スリナム共和国という国を見て、改めてそう感じた。
それともう一つ…。
支配する側の人間と支配される側の人間との共存。
スリナム共和国という国自体が、30年前までオランダの植民地であったという事実。そんな国の中に存在する支配者階級と奴隷階級。
自分たちが他国の人間に支配されているにもかかわらず、さらに弱い存在の人々を虐げる。
支配者階級の人たちが、支配する人たちから自分たちへの反抗心を削ぐために行なう手法が、さらに弱い存在を与えるというやり方。
江戸時代に日本に存在していた『士農工商』という身分制度。

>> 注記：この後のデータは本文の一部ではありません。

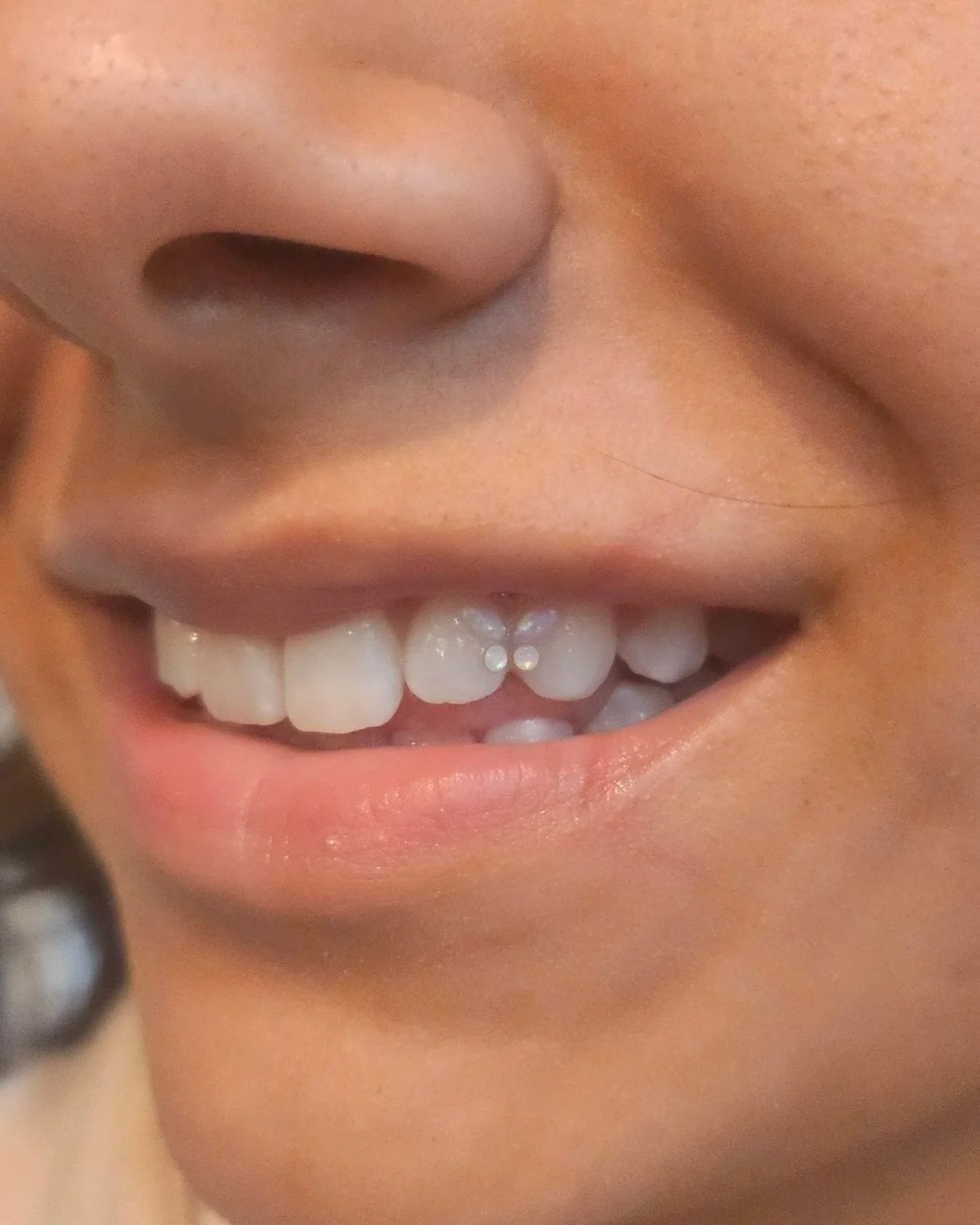 Close-up of a child's smiling mouth showing their front teeth, some of which are growing in or missing.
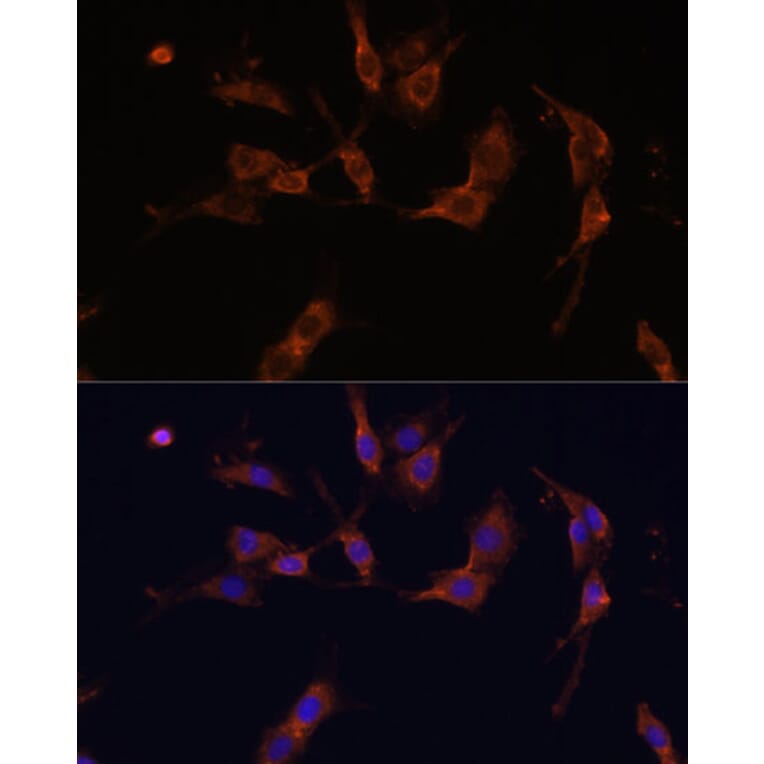 Immunofluorescence - Anti-IQGAP1 Antibody (A14902) - Antibodies.com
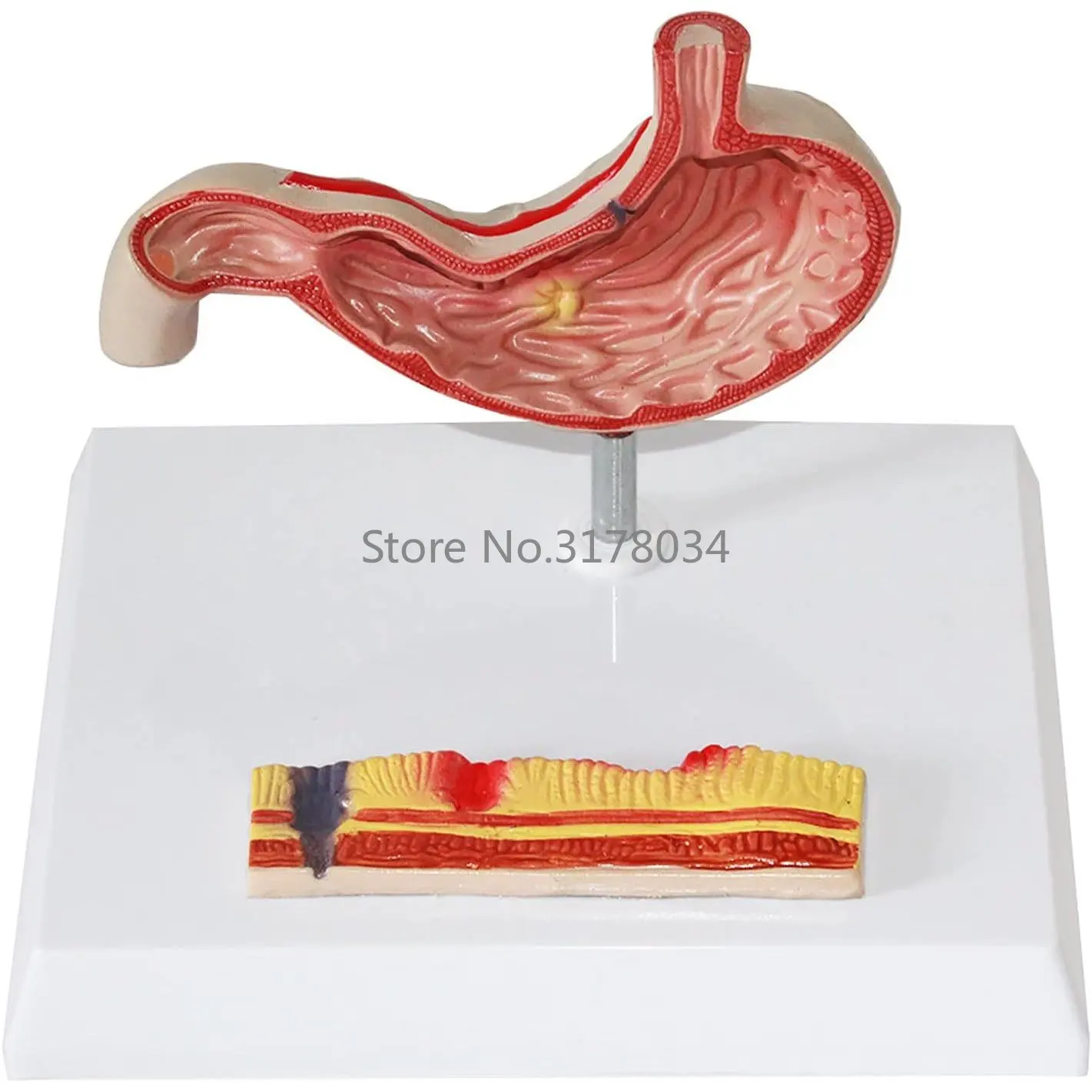 

PVC Human Stomach Anatomical Showing Model with Base - Medical Anatomy Study Display Model Kit 18 x 13 x 17 cm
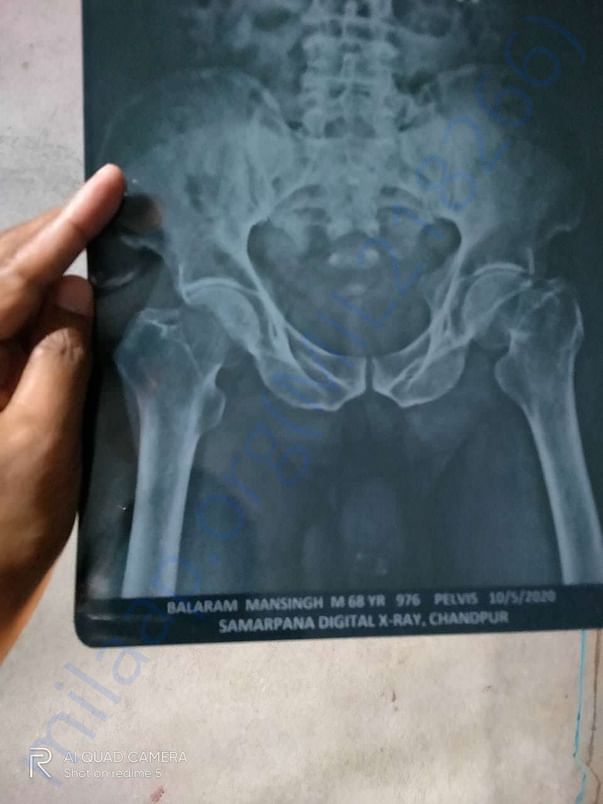 X ray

さらにその下位層に位置づけられた“えた・ひにん”と呼ばれていた人たちの存在。
どこの国でも変わらないことをしていたんだということ。
ほんと悲しい現実…。
奴隷という事実が存在していたのは、昔の話かもしれない。
でも、いまだに自分たちの祖国に帰ることも出来ず、ジャングルの中で生活している人たち。
でもそんな村の村長が言った言葉。
「今は…恨んでいません。
 私たちは、私たちのアフリカの生活をするまでです。」
こういう人たちが、本当に強い人たちなんだと思う。
あらゆるものとの共存を成立するためには、まずは自分に関わる他のものを理解し、認める気持ちがないと出来ないと思う。
それが出来る人間になりたいなぁ…。